- Theatrical release poster
- Directed by: Saravana Subbiah
- Written by: Saravana Subbiah Balakumaran (dialogues)
- Produced by: S. S. Chakravarthy
- Starring: Ajith Kumar; Meena; Vasundhara Das; Nagma;
- Cinematography: Ravi K. Chandran R. D. Rajasekhar (one song)
- Edited by: A. Sreekar Prasad
- Music by: Deva
- Production company: NIC Arts
- Release date: 9 June 2001;
- Running time: 172 minutes
- Country: India
- Language: Tamil

= Citizen (2001 film) =

2001 film by Saravana Subbiah

Citizen is a 2001 Indian Tamil-language political action film written and directed by Saravana Subbiah (in his debut) and produced by S. S. Chakravarthy. The film stars Ajith Kumar in dual roles with Meena, Vasundhara Das and Nagma playing the lead actresses. The film's score and soundtrack were composed by Deva, and cinematography was handled by Ravi K. Chandran. The film was released theatrically on 9 June 2001, and became a commercial success.

==Plot==
Abdullah runs a motorcycle workshop with a few workers. He also gives casual legal advice to the locals. A computer science student named Indhu develops a crush on him and tries to woo him, although Abdullah has nothing of it.

In a massive street protest by lawyers across the city, Abdullah, in an altered appearance, kidnaps judge Vedhachalam after introducing himself as 'Citizen'. Later on, Abdullah kidnaps collector Santhanam by posing as freedom fighter Sundaramoorthy. On both occasions, Abdullah mentions 'Attipatti', which left his victims speechless.

With these two high-profile kidnappings, the CBI, which Senior Officer Sarojini Harichandran leads, handles the case. Sarojini finds out that both kidnap victims worked together in the Mayavaram division some years ago and were involved in a riot in Attipatti. However, a check with the Mayiladuthurai sub-collector's office and the Nagapattinam collector's office found no town or village named Attipatti existed. She visits the collector's office in Thanjavur and is shocked to discover that the hamlet, Attipatti, existed in records before 1973 but not in the years after. She becomes convinced that the kidnapper has a link to Attipatti.

Meanwhile, Abdullah becomes irritated with Indhu, who longs for his affection. He scolds her and says she doesn't know who he is or the pain he endures in his heart.

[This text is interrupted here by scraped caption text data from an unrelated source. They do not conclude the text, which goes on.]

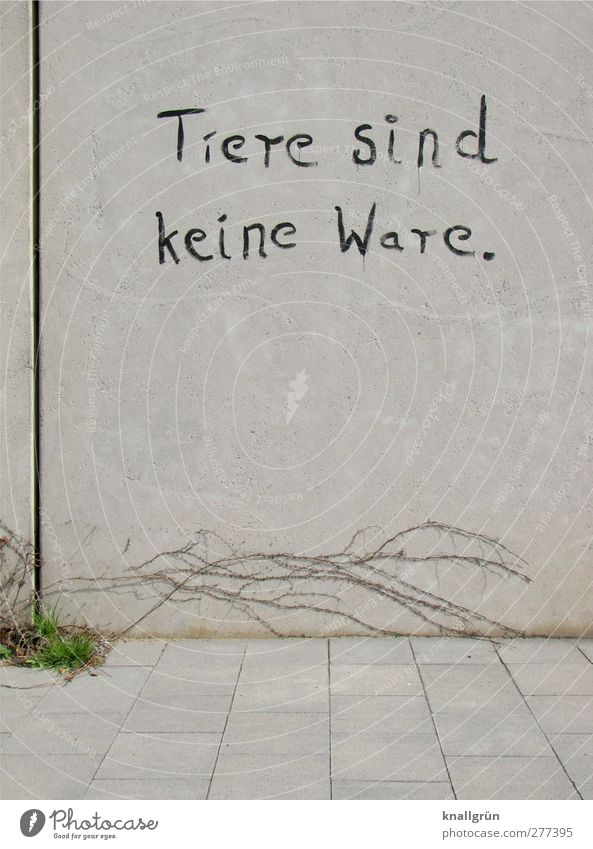 Animals are not commodities. Plant Grass Wild plant Virginia Creeper Tendril Town Wall (barrier) Wall (building) Facade Paving tiles Concrete Characters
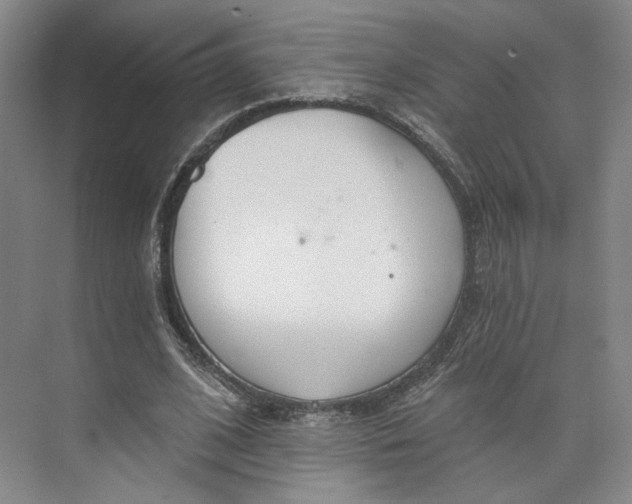 X0000073950584200609111652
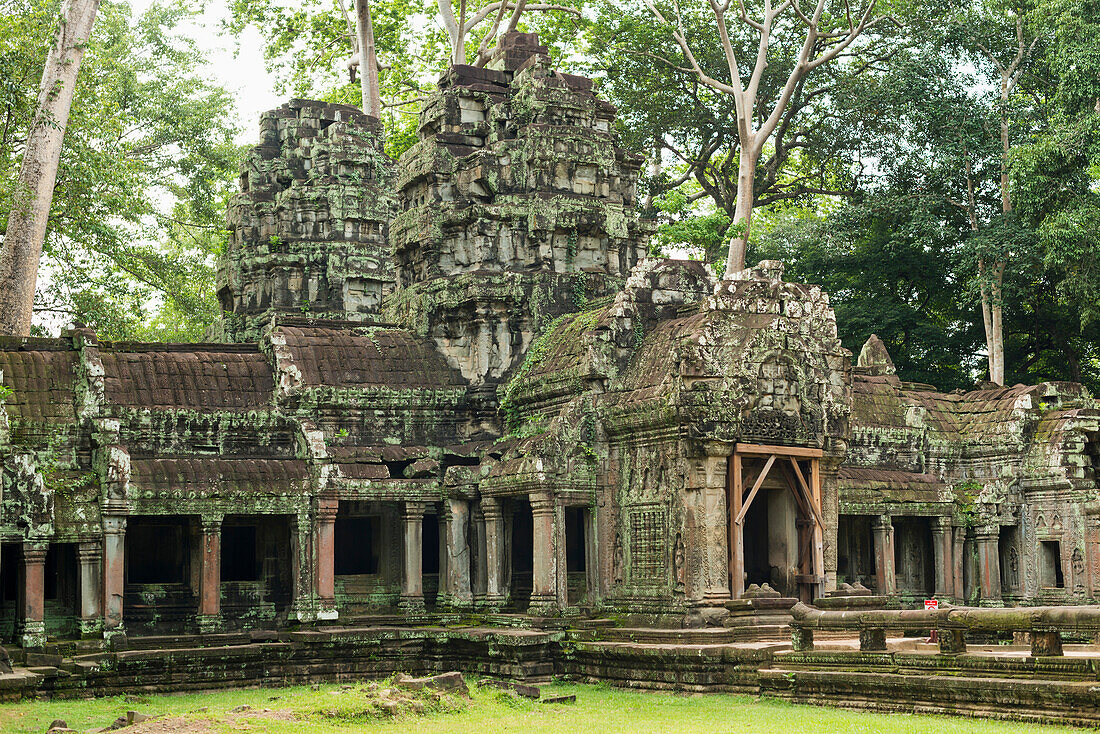'Ta Prohm, impressive temple in Angkor area built in the twelfth century; Siem Reap, Cambodia'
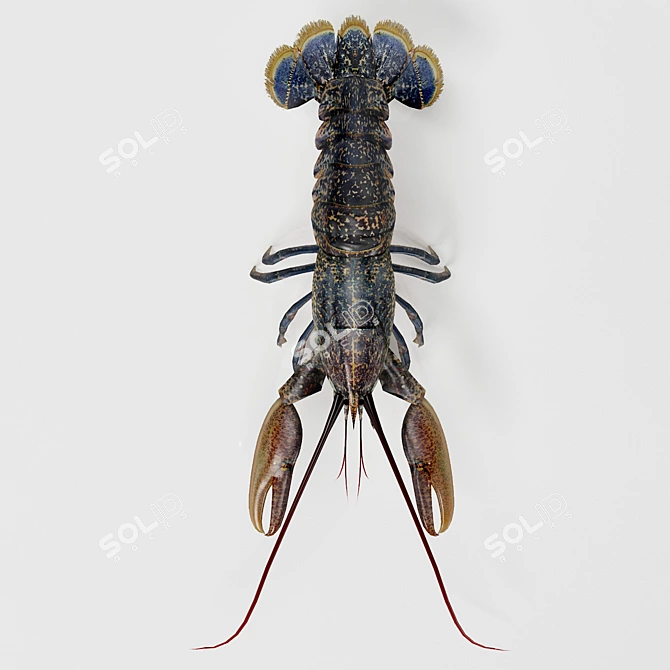 Delicious Lobster - 3D Model 3D model image 3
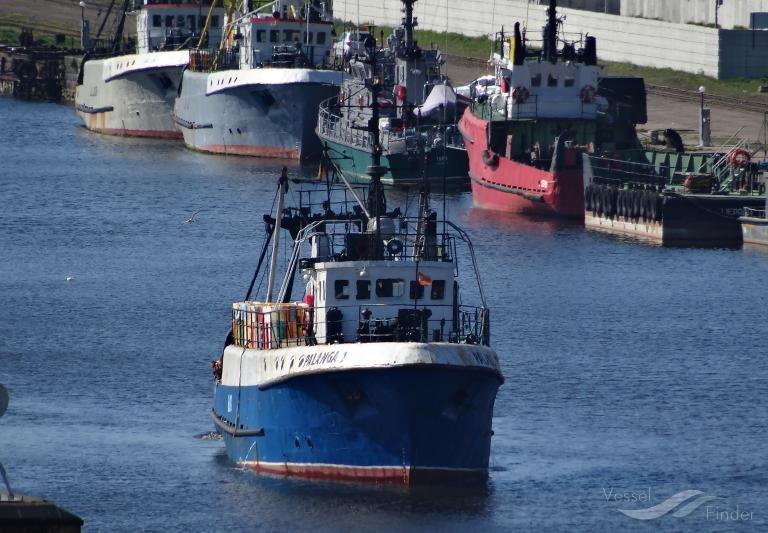DAUGAVA photo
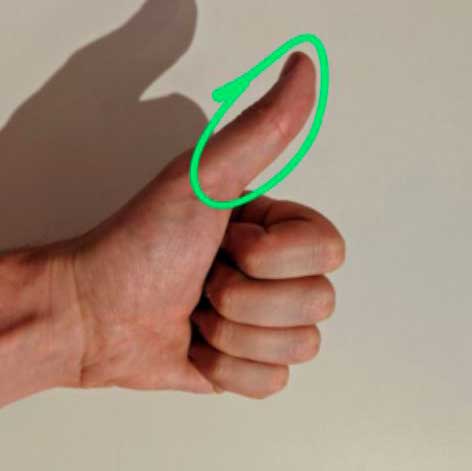 Como medir las grasas Como medir las grasas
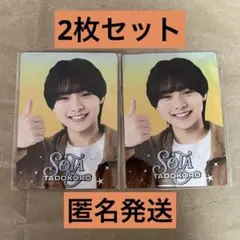 2026年最新】田所蒼大 プロフィールカードの人気アイテム - メルカリ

The CBI team tracks down a former local government employee, which Attipatti was under, and visits Father Louis at Lutheran Chapel. At the chapel, Sarojini and her team meet Father Kuriakose, who informs them that Father Louis died ten years ago but left a box to hand over to whoever comes to the church and asks about Attipatti. Sarojini and her team find hundreds of dead bodies buried near the coastal area where the location of Attipatti was and a tombstone bearing the names of all who perished. Sarojini concludes that Arivanandam and Anthony, the name of a boy baptised after the atrocity, are the same people, and her further investigation leads her to Abdullah, who escapes via a secret route. Sarojini discovers Citizen's operation room within the mosque. There, she discovers Citizen's next target is DGP Devasagayam. However, simultaneously, Citizen kidnapped the DGP. The CBI officers receive information that Citizen is hiding in Tada Forest and go after him. Indhu comes to meet Abdullah and reveals she already knew he was Citizen some time ago. The CBI officers arrive at the forest and finally arrest Citizen. In the trial, Citizen narrates what happened in his village, Attipatti.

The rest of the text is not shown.